Today’s photographs of Ficus carica ‘Brown Turkey’, or the ‘Brown Turkey’ common fig, were taken in UBC Botanical Garden’s Food Garden. The Garden currently has two fig trees (the other is Ficus carica ‘Desert King’). Both trees are espaliered, and currently in flower. ‘Brown Turkey’ and ‘Desert King’ are the two common fig cultivars traditionally considered able to withstand Vancouver’s climate, but some gardening experts suggest perhaps six different cultivars may be able to endure the warming winters of British Columbia’s southern coast (see: Changing weather and changing crops on south coast via the Vancouver Sun).
The first memorable time I encountered figs was while traveling in Morocco where I saw many fig trees, and also ate quite a bit of the dried fruit purchased from vendors at market stalls in the medinas. They were often displayed in baskets or hanging on strings right on the edge of the small pathways, and consequently were covered in a layer of dust. Nevertheless, they were still tasty.
This deciduous shrub or small tree species belongs to the Moraceae (the mulberry or fig family) and is thought to be native specifically to southern Arabia (ref: Janick and Paull’s The Encyclopedia of Fruit & Nuts), but many references will instead state it is native to western Asia and the Mediterranean. Due to a long history of cultivation, Ficus carica is considered an ancient fruit (PDF). This is likely the reason for the uncertainty about its native distribution. Figs are cultivated globally in tropical, subtropical, and warm temperate climates. Modern-day production is over one million metric tons (2006 data).

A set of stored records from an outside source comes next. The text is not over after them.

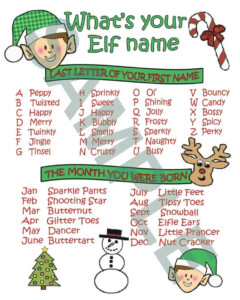 What s Your Elf Name 8 X 10 Printable Download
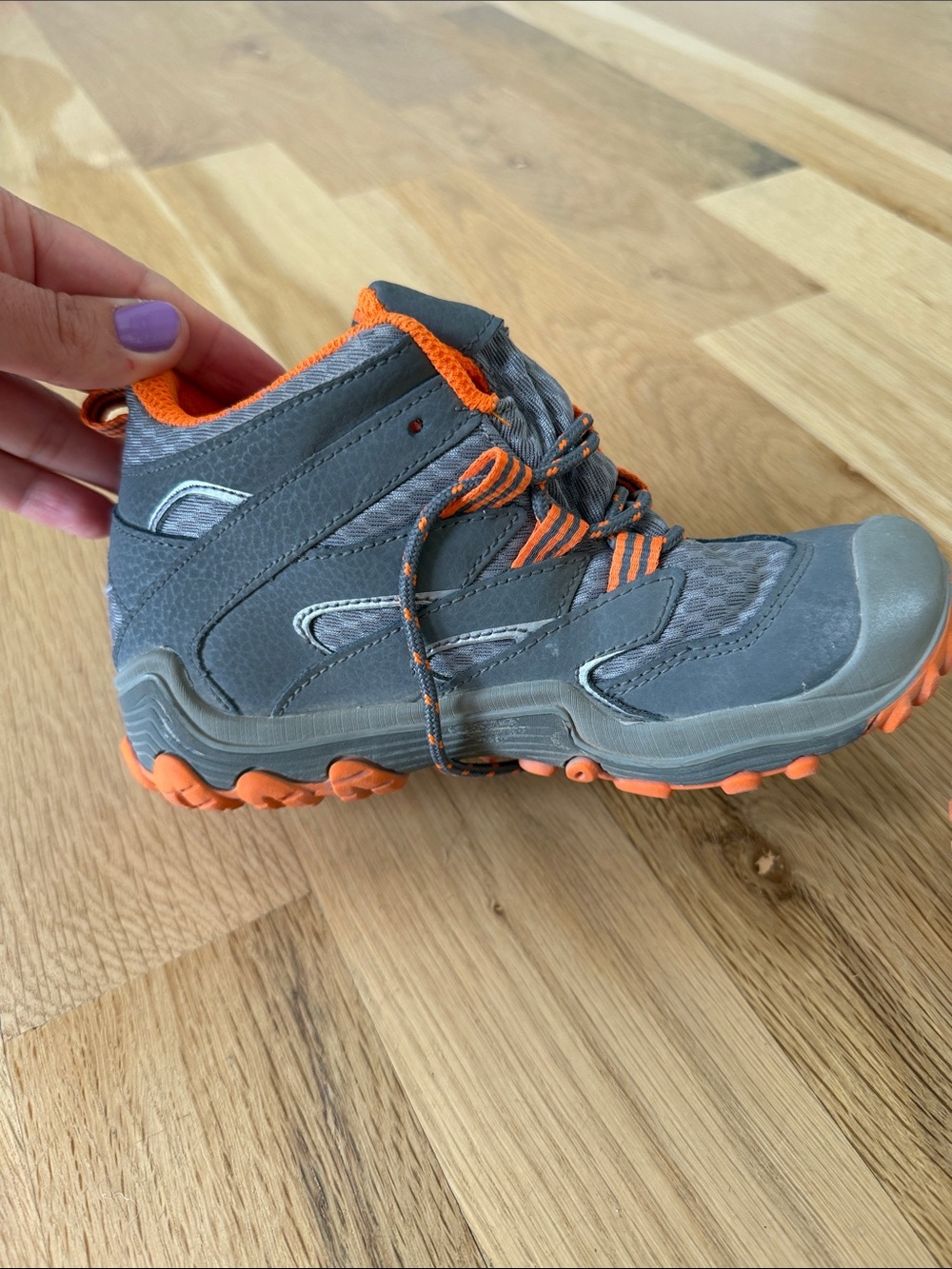 Merrell Kids Gray and Orange Trail Sneakers Hiking Shoes - Picture 8 of 12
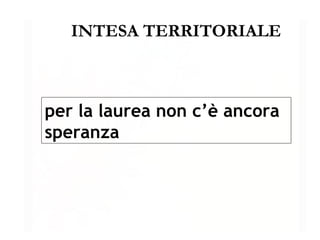 INTESA TERRITORIALE per la laurea non c’è ancora speranza 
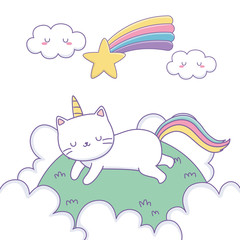 Unicorn cat cartoon vector design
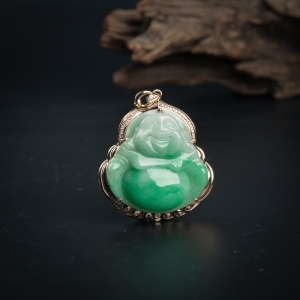 18K豆种飘翠翡翠弥勒佛吊坠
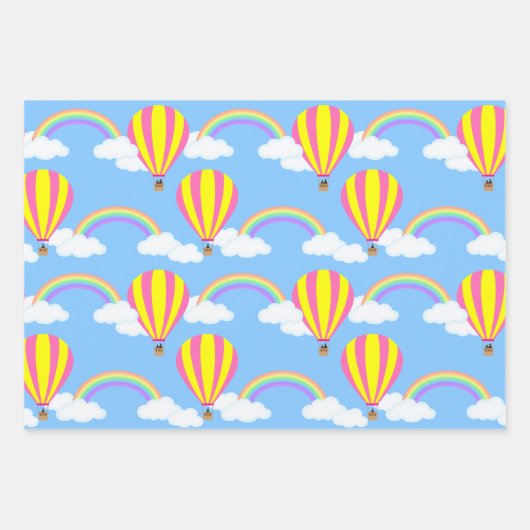 Heißluftballon-Wrapping Paper Sheets Geschenkpapier Set (Vorderseite 3)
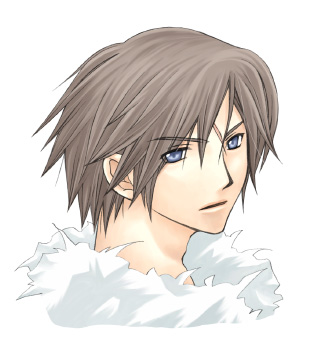 1boy bad_id blue_eyes brown_hair cropped_shoulders expressionless final_fantasy final_fantasy_viii fur_trim looking_back lowres male_focus rendezvous scar scar_on_face short_hair simple_background solo squall_leonhart upper_body white_background white_fur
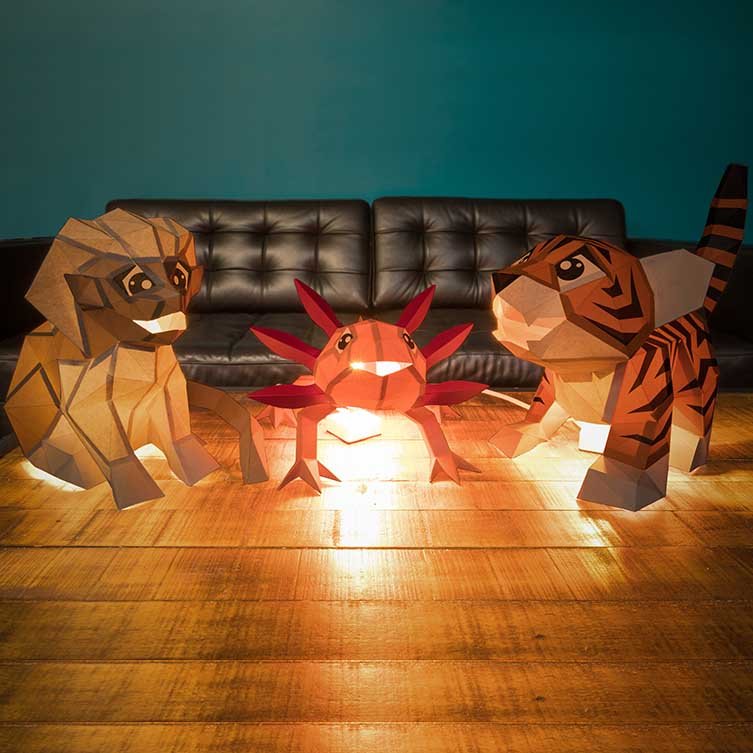 PAPERCRAFT WORLD BABY TIGER 3D MODEL + LAMP - ORANGE/BLACK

Exceptional specimens of Ficus carica have attained heights of 12m (ref: Janick and Paull), but more typical heights in cultivation are 5 to 8m. Plants have large, palmate and hairy 3-5-lobed leaves attached to silvery-barked branches. The shiny receptacle or syconium houses the small green flowers, which are invisible unless this infructescence is opened (as in the first photograph). Wayne Armstrong’s always-excellent teaching site explains the life-cycle of Ficus carica (scroll down to the section titled “Summary of the Ficus carica Life Cycle”), but note also that he concludes his discussion with mention that ‘Brown Turkey’ is parthenocarpic. Unlike the natural species which requires a fig-wasp (Blastophaga psenes) to pollinate, the fruits of ‘Brown Turkey’ will ripen without pollination.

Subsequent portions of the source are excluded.